Sunday, June 7, 2015

The Other Half

Remember when you were a child, and used to spend hours tying lanyards into intricate patterns that you would then loop as a choker or give to your bff as a friendship bracelet until forever? It’s my last full week in Charlotte, and I feel desperate to tie up the past two years into a neat anklet I can take with me. It’s a gradual process—I started saying goodbye after exams last week, and will finish next week at graduation. In every area of my life, I’m twining memories and people into farewells.


Last week, I showed my classes the video I’d made of them. The sillinesses, the pranks, the jokes and laughter of the year, threaded through with cries from each student when they spotted themselves.

“We really do dance a lot,” noticed one.

“Put it on youtube! Put it on facebook! Put it on all of the internet!” the rest cried.

“Will you show this to your new students?” somebody in each of my classes asked me. By the last class, I understood—“will you tell your new students that we came first, that we matter? Will you forget us in your new school?” was what they meant.

Students o’ mine, you are enmeshed in my teaching for the rest of my life. I will use you as archetypes, remember your reactions, reflections, and realities, and coast off of your jubilance, for the rest of my teaching days. Your personalities wreath my teaching. I will not forget you.

Friday, some of the teachers sat out on a restaurant patio, clinking drinks and toasting the end of the year.

The Teacher of the Year asked us, “what are you going to miss the most about teaching at our school?”

“The students.”

“The stories.”

“Knowing my job matters, that I make an incredible difference.”

“Introducing students to things they might otherwise never have seen. Like smores made in tinfoil solar ovens.”

I thought about it, since, certainly, all that had been said was true. “The intelligence of our students—the real-world experience they have that they bring into the classroom, that I certainly didn’t have at that age. Their degree of reflection and intelligent compassion.”

I feel knots forming in my throat as I think of leaving them. Their wisdom will form a tightrope upon which I will balance as I cross an ocean to my new classroom.

On Shabbat day, the community—nay, family— that has adopted me here sat in the Charlotte Torah Center, eating the kiddush that they’d sponsored to say goodbye.

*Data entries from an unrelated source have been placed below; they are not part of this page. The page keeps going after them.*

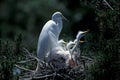 White egret standing on nest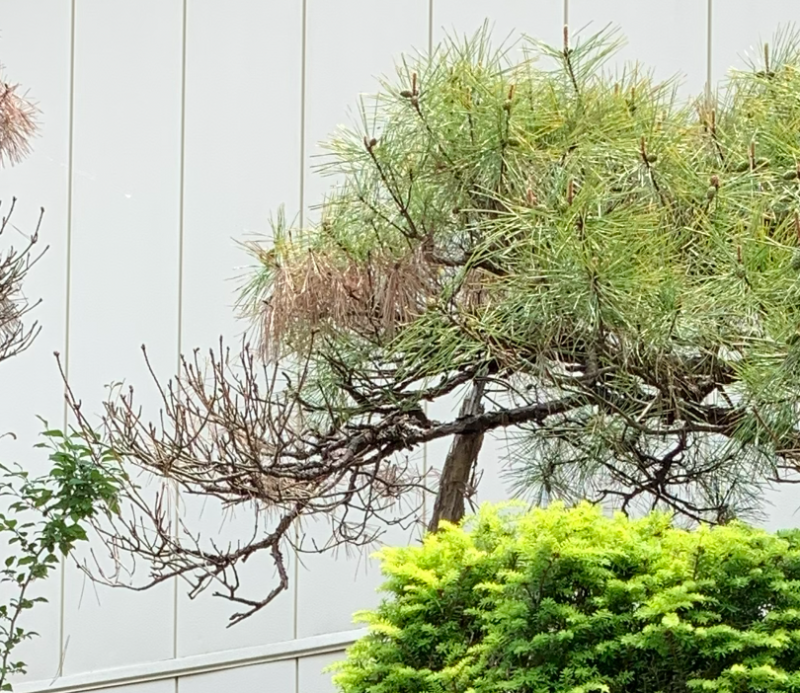 枯れた枝を切る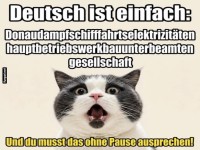 Die wahre Herausforderung der deutschen Sprache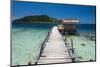 Pier at Twin Beach, a Tropical White Sand Beach Near Padang in West Sumatra, Indonesia-Matthew Williams-Ellis-Mounted Photographic Print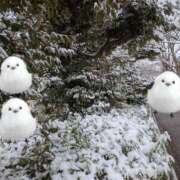 ヒメ日記 2026/02/09 08:36 投稿 おうか 西船人妻花壇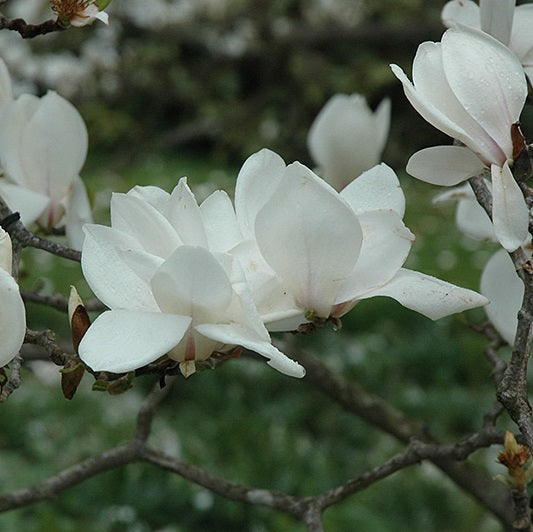 Liliomfa (Magnolia x soulangeana 'Alba Superba')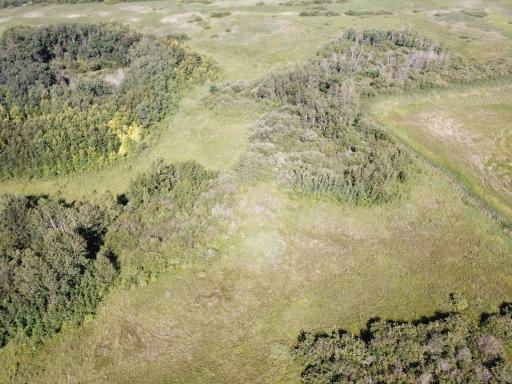 TBD 150th Street NW, Thief River Falls, MN 56701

I stumbled through a dvar Torah, thinking that every second of it couldn’t possibly express my gratitude for their warmth and moral guidance and the feeling of belonging they’ve given me over the past two years.

Several of the people with whom I have built the closest bonds spoke after the meal. They forgot that I’m very much alive, and I felt like Tom Sawyer, eavesdropping on his own eulogy. It’s an experience I’d much rather be dead for. I wanted to crawl under the table, but I also appreciated what people had to say, especially the rabbi, who in the course of his encomiums managed to praise my future husband at great length. He seems to know a lot about him—maybe he can introduce me to him.

At the end of the kiddush, a man from a couple whom I consider in the closest part of my Charlotte Torah Center family came up to me and referenced a blog post I’d written after Simchat Torah, about not belonging in the Jewish community as a woman. He told me that I may feel like that, but the community feels that I belong in it. We’re braided together as intricately as the scrumptiously browned challah that Sara bakes every Shabbat, and I leave this part of my Charlotte community secure in the knowledge that I will see all of them again. I am, after all, moving to our home. Moving to Israel.

This morning, a friend and I ran our second half-marathon this year. We both got bitten by the running bug at Disney, and nothing seemed like a more fitting end to two years of insanity than finishing the second half of a marathon. We made our goal, and I finished in 2 hours and 28 minutes, running full out for the last part. As I pounded across the finish line, muscles aching, heart pounding, but oh so proud, it felt like a physical manifestation of the past two years—the pain, the pride, the triumph. Running these past two years has been my catharsis, my coping mechanism, and ultimately, a way to challenge myself in an arena in which I feel I have complete control.
 
As I slowed to a walk past the finish line, I felt my throbbing calves and considered the feat of finishing my second half. It was different from the first. Harder. For the first, my goal was simply to finish, and because I knew that I would never give up, it was merely an exercise in ignoring agony and humorously pulling up from stumbles as best I could. For the second, I wanted to push myself. To do the best I could. To summon all of my strength, my will, my humor, to aid me, and help others along with me. We were sent off with a Sunday-morning prayer and the Star Spangled Banner to spur us forward at dawn. Looking back at the end, with Southern accents congratulating me and my muscles knotting in aching soreness, surrounded by a strangeness of culture that I will soon be trading for my own familiar one, I feel the deepest gratitude for God and country, and the strangers-become-friends who cheered along the way.